Second, trauma has a domino effect. Emotional scars from the past will surface and blend with your current raw nerves.
Third, anger protects us. Until he has earned your trust it feels dangerous to open up. Anger prevents premature forgiveness.
Fourth, anger gives us energy. You have a lot to of work ahead of you at a time when you feel devastated. You may need the energy that anger provides!
What to do. The first step is to reclaim your deserving self. Many partners are in the role of nurturers who self-sacrifice for the sake of the family, their partner, or their retirement savings account.
Add in D Day, and they now feel so low that they can’t justify the resources for their own healing.
I’ll be clear: you are in a crisis and you are worthy of the time and money that your healing requires. Both the anger and the racing thoughts can disappear. But it will take more than your efforts alone. Remember, after that car wreck you get a whole team of specialists to help you recover!
Waking Up the Watchdog
Cheaters willfully cast a veil of deception over their partners. They intentionally lie, misdirect, and minimize. Trusting, loving, and vulnerable to their influence, partners unknowingly absorb this subtle gaslighting.
The horrific truth remains completely off their radar. Against this backdrop, week by week, partners unconsciously ignore the micro signals from what they see, hear, and feel. This blunts one’s senses so slowly that we don’t even notice.
After D Day partners rightfully ask, “How can I ever trust him?” but also “How can I trust myself again? How could I have not seen it?”
What to do. Partners reexamine their stories about being deceived. With hindsight, one can now catch the instant of being lulled by each lie. Peering into the choice points where one decided to trust a liar instead of one’s own gut instinct reawakens the senses.
Once we feel and own that which we couldn’t acknowledge the first time, our intuition can never go back to sleep. We trust our gut again. We pay attention to what we were once conned into ignoring. Then we’re protected by a formidable watchdog, which is our fully awakened seeing, hearing and feeling.
Life Story, Life Lessons
It’s healing to put the tale of betrayal in the bigger context of one’s entire timeline. Creating a narrative builds objectivity, insight, a sense of relief and closure, and compassion for what’s happened.
This balanced outlook frees you to move forward. Ultimately, the story of the wound and recovery is but one chapter. There are so many more to write!

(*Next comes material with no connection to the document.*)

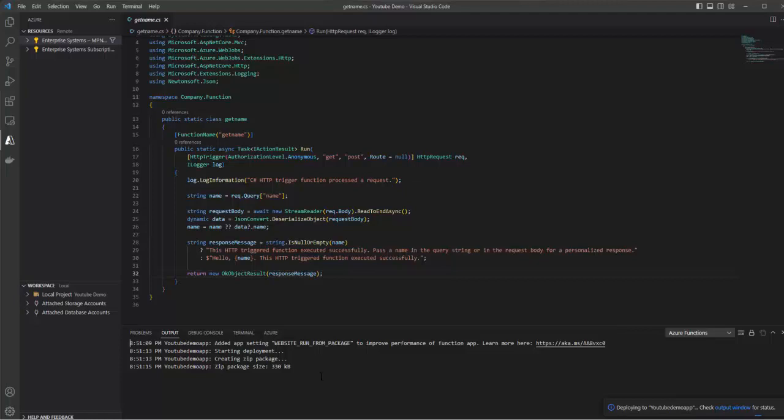Let me show you where this message is coming from. This is the message that we are seeing in the web browser. This is one more message that will come if we pass a name in the query string. Let's check this one. 'Hello CodeBite, this HTTP trigger function executed successfully.'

What to do. Journaling, collage, video or scrapbooking projects can all tell your life’s story.
Blueprint for the Future
The final step includes creating a blueprint for your exciting future.
What to do. First we assess your wellness from the seven domains of health. Then we collaborate in creating some juicy plans for getting more vitality from the physical, emotional, mental, sexual, spiritual, financial, and creative aspects of your life. Get ready: when you’re supported in focusing on yourself, change happens!
I’m very interested in your taking this time for your precious and irreplaceable self.
So much was taken from you. Not only do I want you to get it back, I want your life to blossom in wonderful and unexpected ways.
Please take advantage of the opportunity to heal as it presents itself through this chaotic time.
Remember, your beautiful wings are grown in the darkness, but are destined for sunlight.